Assignment — In the entries that follow, find the line containing "Blue Sea 8032" and the line containing "zwei Ringe Perlenohrringe", then copy exactly everything from the first through the second except the pictures.

Given information Block Start

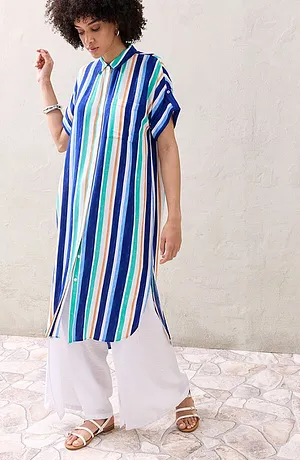 Femme - Robe-chemise en viscose fluide - bleu arctique/bleu clair/blanc rayé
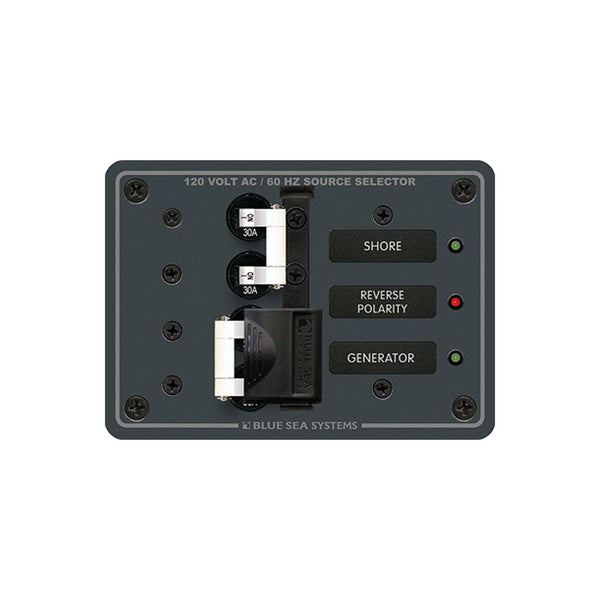 Blue Sea 8032 AC Toggle Source Selector 120V AC - 30AMP - White Switches [8032] - Essenbay Marine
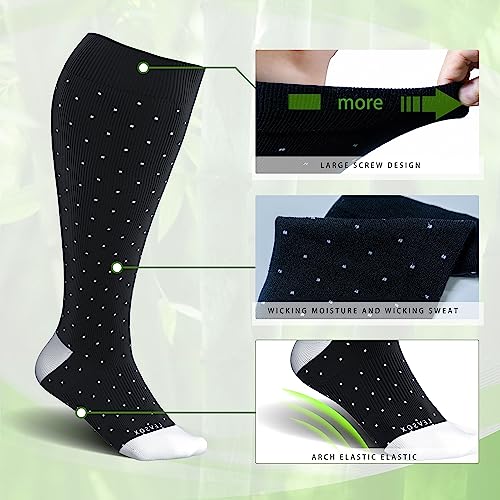 Wide Calf Compression Socks for Women Plus Size Pregnancy Cute Fun 15 (3 Pair-polkadots / 5X-Large)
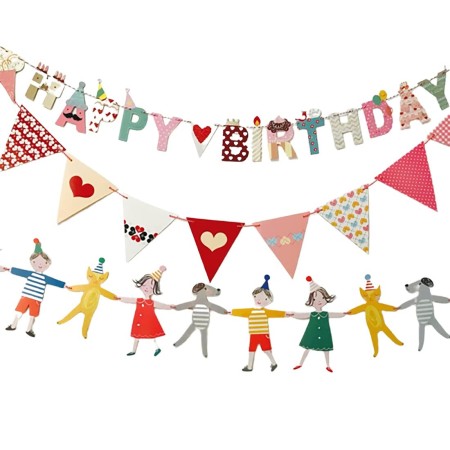 Banner Happy Birthday 100x200 cm, Flippy, Rola de Ata Inclusa, Tematica Candy, Multicolor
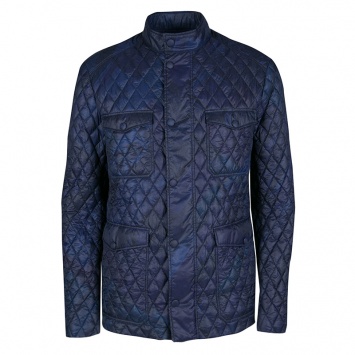Pre Owned Etro Navy Blue and Black Paisley Print Diamond Quilted Jacket XL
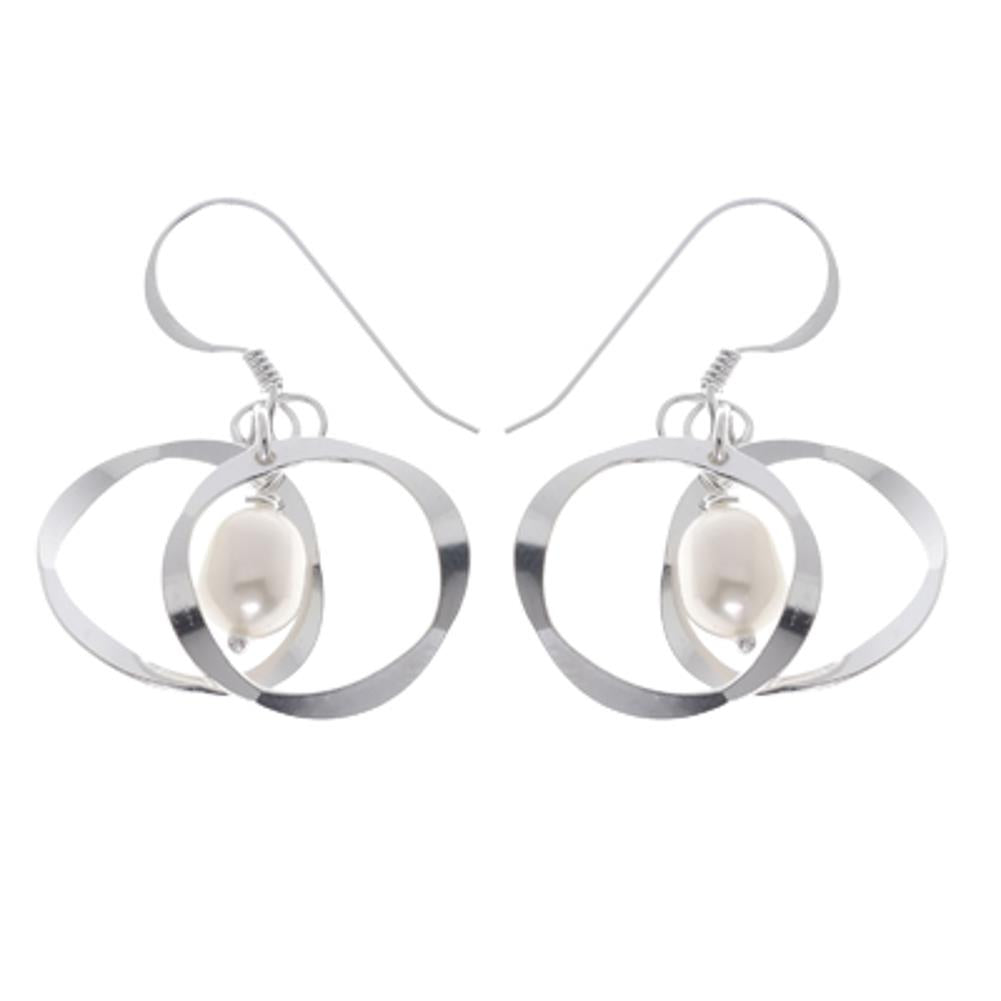 zwei Ringe Perlenohrringe 925er Sterling Silber Zuchtperle (1A Naturqualität) oval Ohrringe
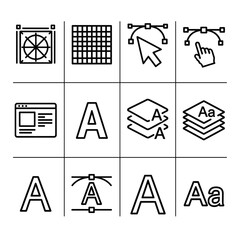 A vector illustration presents a collection of graphic design icons, including tools and elements for web design, typography, and layout, shown in a clean, minimalist style on a white background.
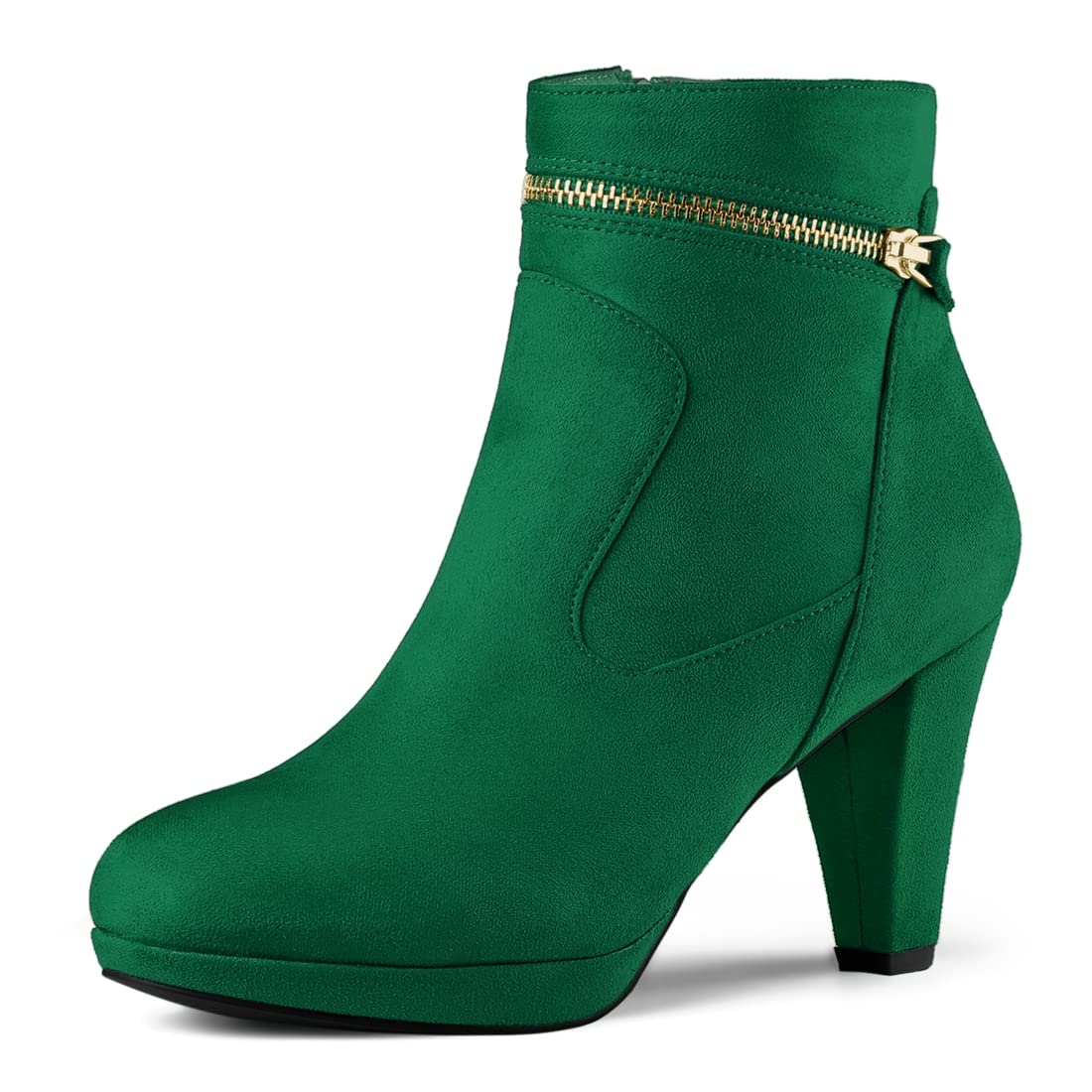 Women's Ankle Boots Chunky Heel - Emerald Green UK 5.5-image-e448e5d5-5dba-45f4-9b58-73c1aad8365b-99968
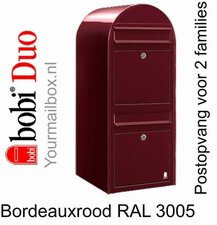 Brievenbus Bobi Duo bordeauxrood RAL 3005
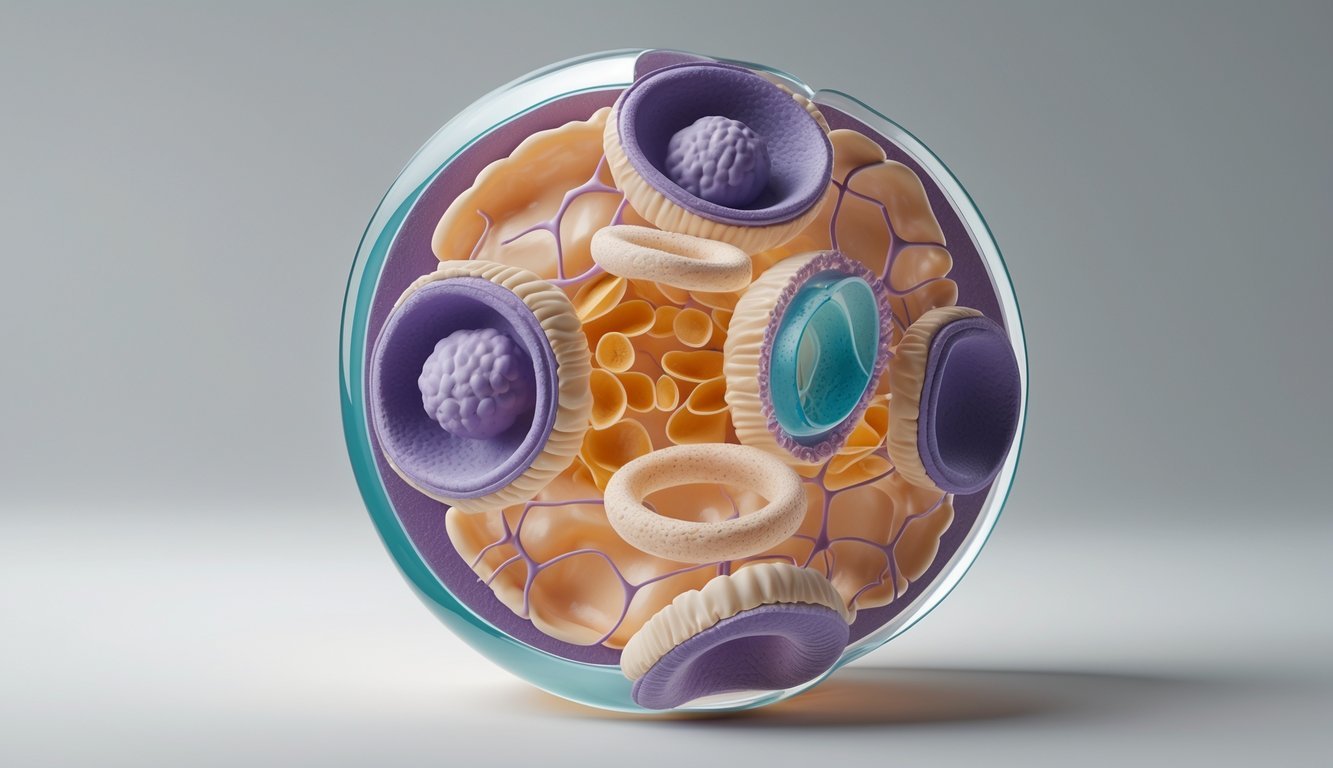 Prikaz unutarnje strukture životinjske stanice s vidljivim organelama poput jezgre, mitohondrija, endoplazmatskog retikuluma, Golgijevog aparata, lizosoma, citoplazme i stanične membrane.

Given information Block End

Answer to the exercise —
 Blue Sea 8032 AC Toggle Source Selector 120V AC - 30AMP - White Switches [8032] - Essenbay Marine
 Wide Calf Compression Socks for Women Plus Size Pregnancy Cute Fun 15 (3 Pair-polkadots / 5X-Large)
 Banner Happy Birthday 100x200 cm, Flippy, Rola de Ata Inclusa, Tematica Candy, Multicolor
Pre Owned Etro Navy Blue and Black Paisley Print Diamond Quilted Jacket XL
 zwei Ringe Perlenohrringe 925er Sterling Silber Zuchtperle (1A Naturqualität) oval Ohrringe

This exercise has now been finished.